Nous nous trouvons dans une ère de désinformation. La difficulté, avec le développement des réseaux sociaux, c’est qu’on ne sait plus à quoi se fier. Tout à l’air de se valoir. Et c’est normal : ces outils sont l’aboutissement d’années de recherche en sociologie et en science cognitives. Ils sont conçus pour avoir une prise sur notre attention. Il faut se demander : est-ce que j’aime quelque chose parce que cela confirme mon opinion, ou parce que c’est vrai ? La désinformation marche, car elle confirme nos croyances.

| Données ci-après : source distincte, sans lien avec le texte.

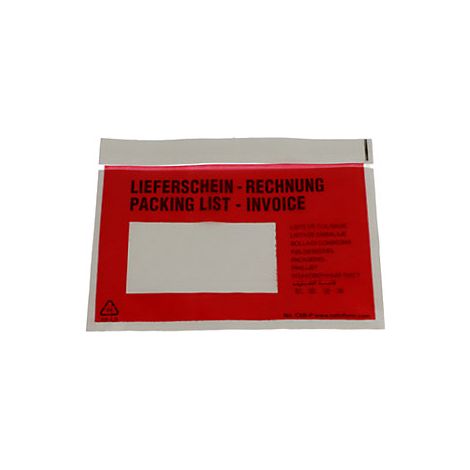 ratioform  Buste portadocumenti Premium  stampa Bolla di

Je crois aussi que la science a participé elle-même à cette crise de confiance. Je suis moi-même très engagée contre la fraude, notamment au sein de FoSci, ce nouveau collectif qui vise à "décontaminer" la science des manipulations et trucages, et que j’ai rejoint récemment. Les affaires de ces dernières années, ces stars de la science déchues, ces milliers de papiers rétractés, ces maisons d’édition toutes entières qui se sont effondrées, ont engendré de la défiance.

A vous entendre, la science pourrait elle aussi finir par être contaminée par la désinformation…

C’est un risque qu’il ne faut pas sous-estimer. Il y a une forme de porosité. Les mêmes groupes d’influence qui pourrissent le débat public tentent aussi d’infiltrer les productions scientifiques. Des gens idéologisés tentent d’ouvrir leur journal et de faire croire qu’il est respecté, ils écrivent des études relues par leurs amis. C’est de plus en plus dur de distinguer, au sein de la science, ce qui est vrai ou pas.

Même si dans la très grande majorité des cas les scientifiques arrivent encore à faire la différence, les frontières entre la science et la politique sont de plus en plus diluées. Nous devons veiller, en tant que scientifiques, à être le plus objectifs possible et de ne pas avoir l’air de choisir un camp, ou une idée. C’est un sujet qui m’a intéressé durant ma carrière : nous avons tous des biais cognitifs. Il faut les comprendre, et les challenger.

Que doit faire la science pour résister ?

Je pense que plus d’ouverture est la solution. Je ne parle pas seulement d’articles de recherche accessibles gratuitement et facilement, comme c’est de plus en plus le cas actuellement. Il nous faut rendre systématiquement publiques les données utilisées par les chercheurs, leurs analyses, les éléments repérés lors des relectures. Nous devrions avoir des rapports publics résumant ce qui a été fait durant la relecture. Plus la science sera ouverte, plus difficile il sera de cacher la fraude, ou d’affirmer qu’on nous cache des choses. Il faut aussi plus de sanctions pour les fraudeurs, de la part des journaux et des institutions, qui parfois ferment les yeux. J’ai d’ailleurs écrit en 2023 une lettre ouverte au CNRS, à propos de cela. Espérons que les institutions prennent ces sujets plus au sérieux à l’avenir.